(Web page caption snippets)
________________________

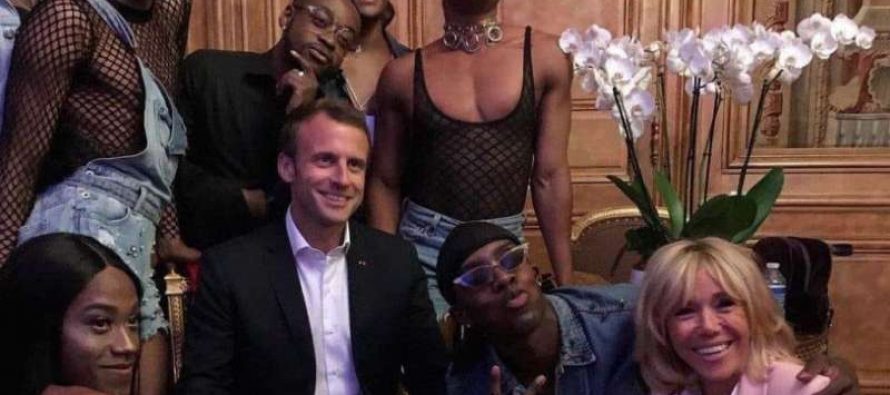 Quentin, l’attacco di Macron all’Italia: “Non commenti gli affari francesi”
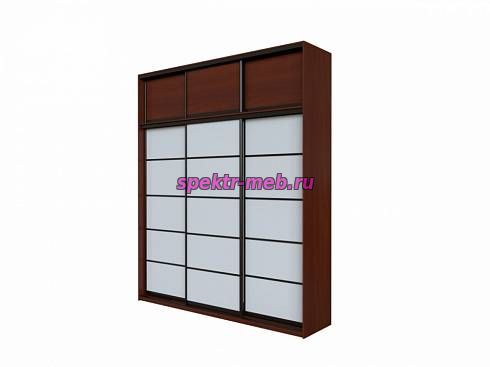 Шкаф-купе Эльма 4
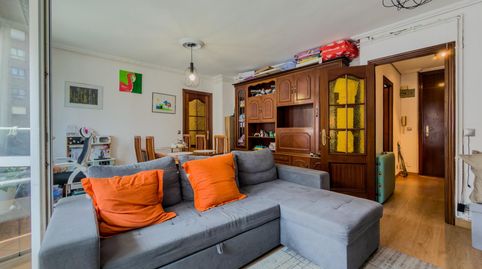 Foto 3 de Piso en venta en Alisal - San Román, Santander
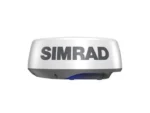 SIMRAD HALO 20+ DOME RADAR - 36nm Range Pulse Compression Radar, 20" Dome | 000-14536-001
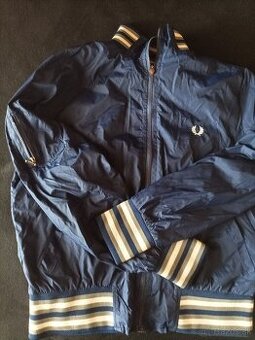 Fred Perry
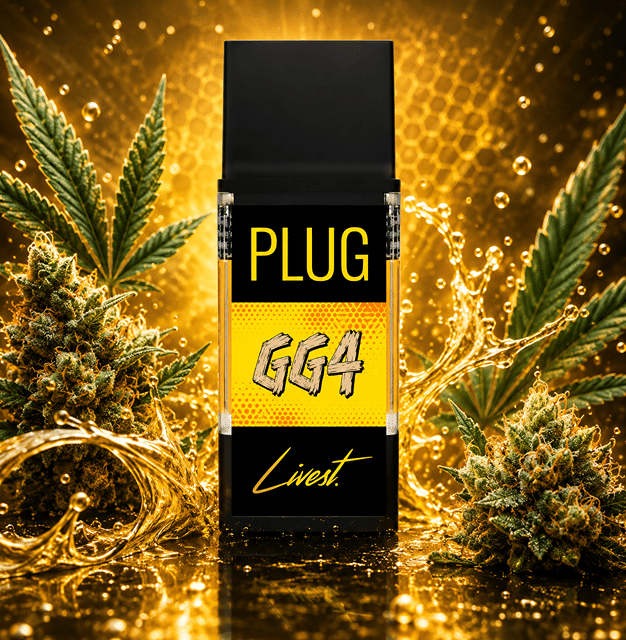 PlugPlay: Livest - Gg4 - Plug
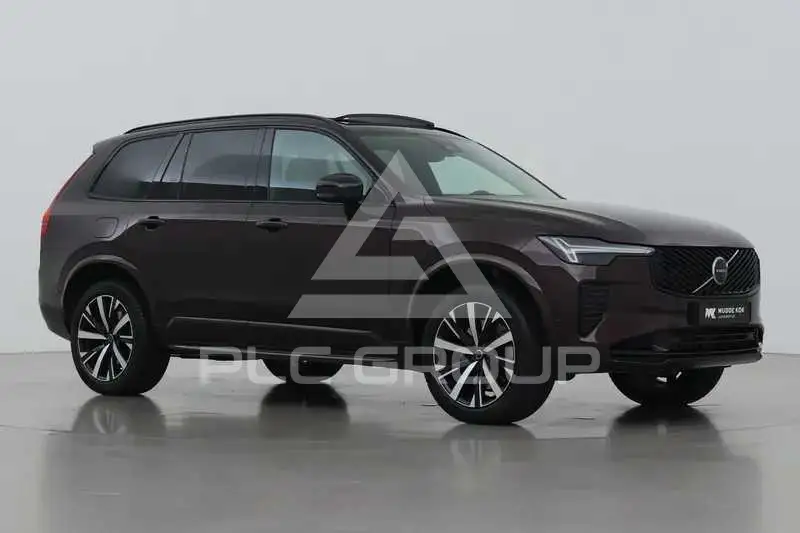 2026 Volvo XC90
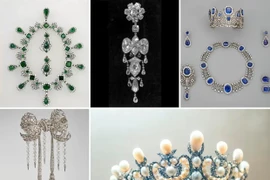 Pháp bắt thêm 5 nghi phạm liên quan vụ trộm táo tợn tại Bảo tàng Louvre 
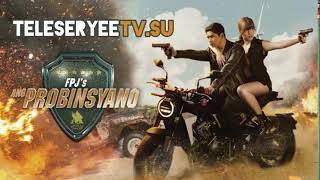 Ang Probinsyano June 20 2022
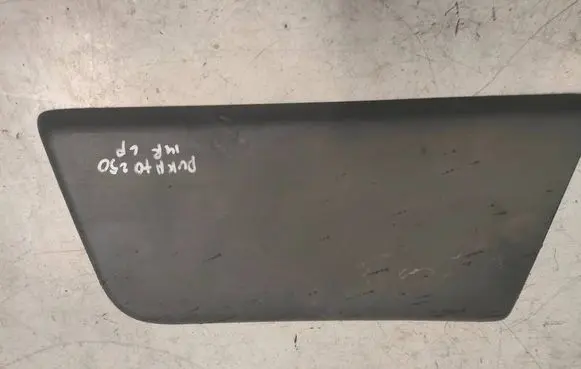 Fiat Ducato Front door trim (molding) 1305773070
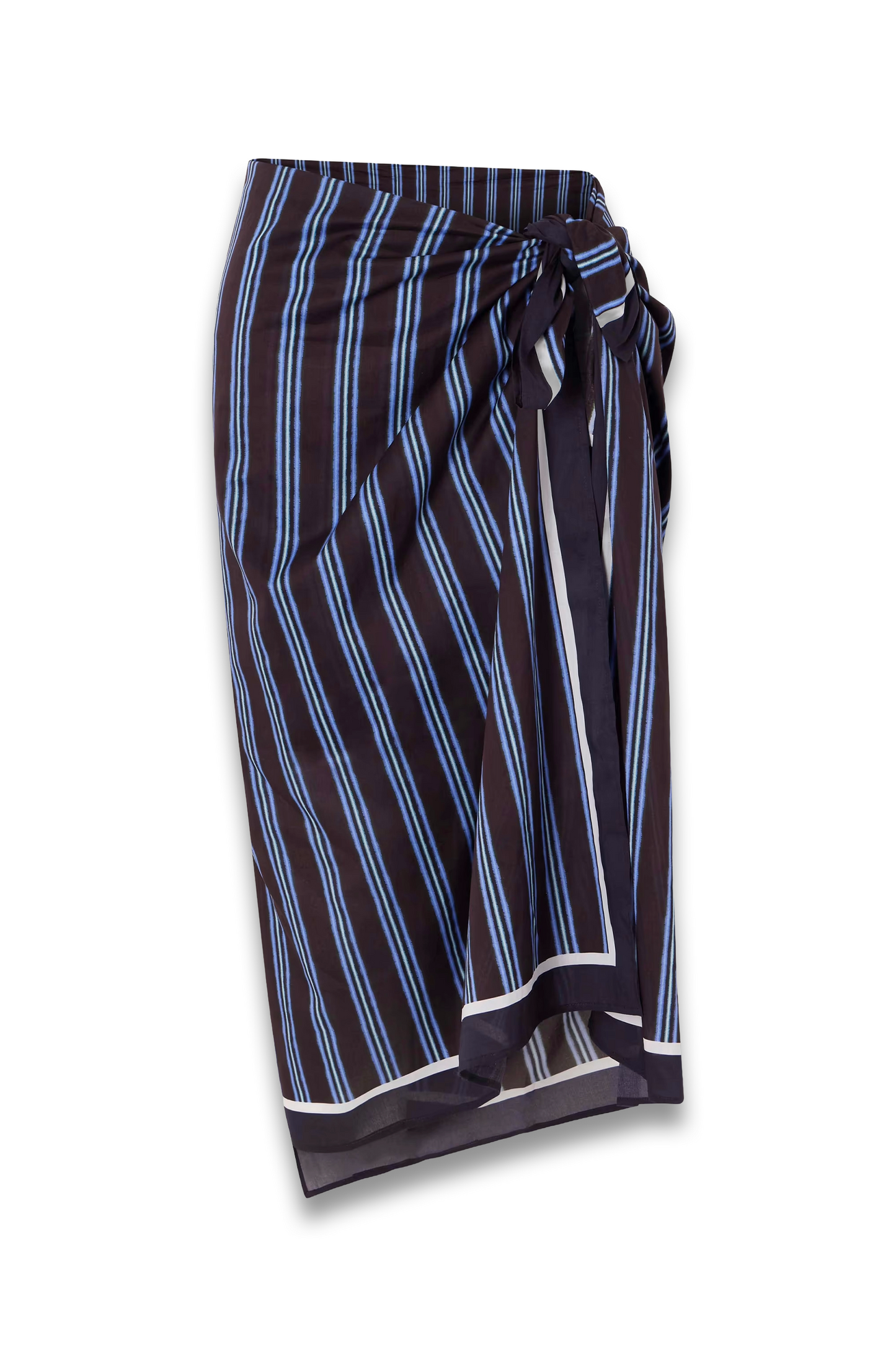 Romee Sarong Cotton Cover-up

________________________

Task statement - Take the line containing "Fiat Ducato Front" as the first line and the last line of the data above as the final one, and output exactly the lines between them, inclusive, with no pictures.

Output for this task -
 Fiat Ducato Front door trim (molding) 1305773070
 Romee Sarong Cotton Cover-up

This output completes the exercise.